Part of Advances in Neural Information Processing Systems 36 (NeurIPS 2023) Datasets and Benchmarks Track
Rok Roškar, Chandrasekhar Ramakrishnan, Michele Volpi, Fernando Perez-Cruz, Lilian Gasser, Firat Ozdemir, Patrick Paitz, Mohammad Alisafaee, Philipp Fischer, Ralf Grubenmann, Eliza Harris, Tasko Olevski, Carl Remlinger, Luis Salamanca, Elisabet Capon Garcia, Lorenzo Cavazzi, Jakub Chrobasik, Darlin Cordoba Osnas, Alessandro Degano, Jimena Dupre, Wesley Johnson, Eike Kettner, Laura Kinkead, Sean D. Murphy, Flora Thiebaut, Olivier Verscheure
Data and code working together is fundamental to machine learning (ML), but the context around datasets and interactions between datasets and code are in general captured only rudimentarily.
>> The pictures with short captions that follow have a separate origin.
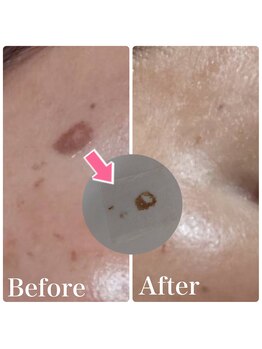 ルタンリッシュ ハナレ(Lutan Riche 花麗)/ぺろんと剥がれる最新シミケア!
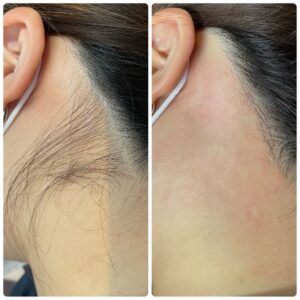 30代女性の針脱毛のビフォーアフター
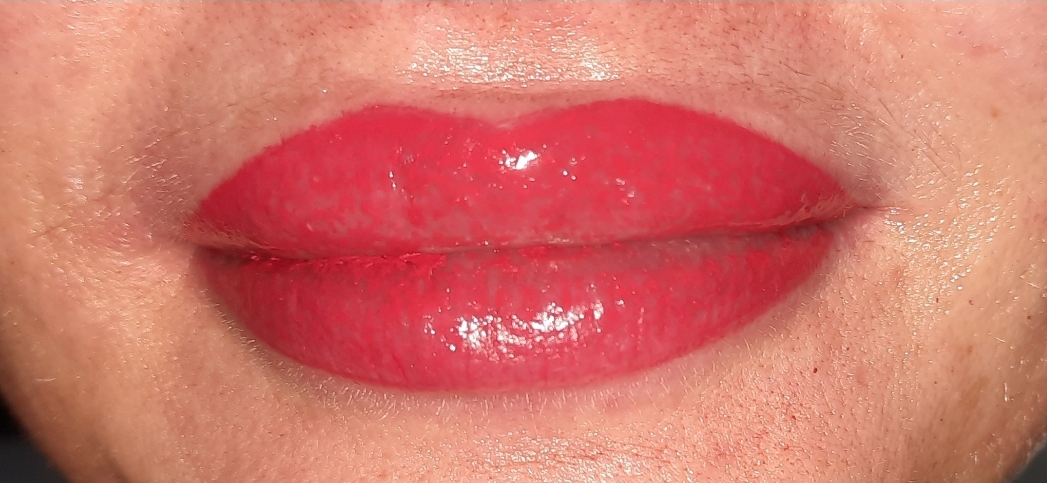 Lippenbehandlung, vorher/nachher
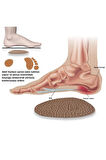 LT04 - Deri Pençe Destek | Numara Küçültme, Ayakkabı Daraltma, Koku Önleyici ve Ter Emici Ayak Pedi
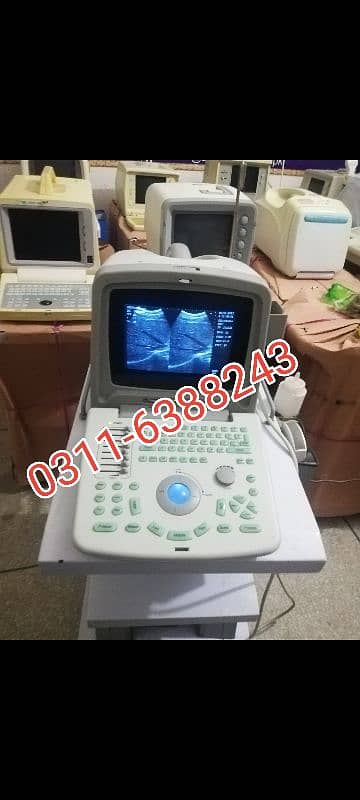 Japanese & China Ultrasound Machine 17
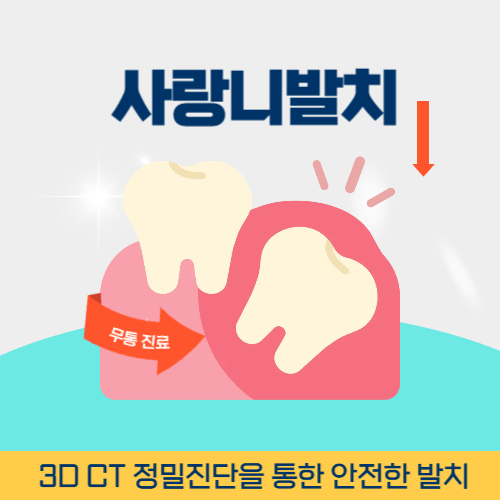 제주치과 제주시 치과 사랑니 발치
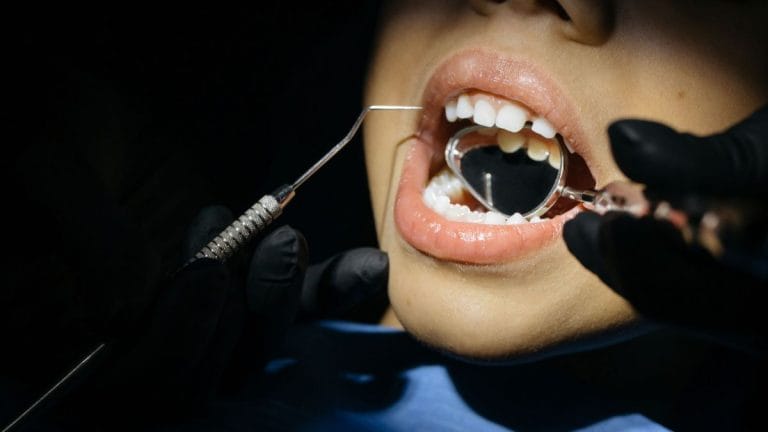 Treating cavities may no longer need drilling and filling. A silver and fluorine solution might do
Context such as how the dataset was prepared and created, what source data were used, what code was used in processing, how the dataset evolved, and where it has been used and reused can provide much insight, but this information is often poorly documented. That is unfortunate since it makes datasets into black-boxes with potentially hidden characteristics that have downstream consequences. We argue that making dataset preparation more accessible and dataset usage easier to record and document would have significant benefits for the ML community: it would allow for greater diversity in datasets by inviting modification to published sources, simplify use of alternative datasets and, in doing so, make results more transparent and robust, while allowing for all contributions to be adequately credited. We present a platform, Renku, designed to support and encourage such sustainable development and use of data, datasets, and code, and we demonstrate its benefits through a few illustrative projects which span the spectrum from dataset creation to dataset consumption and showcasing.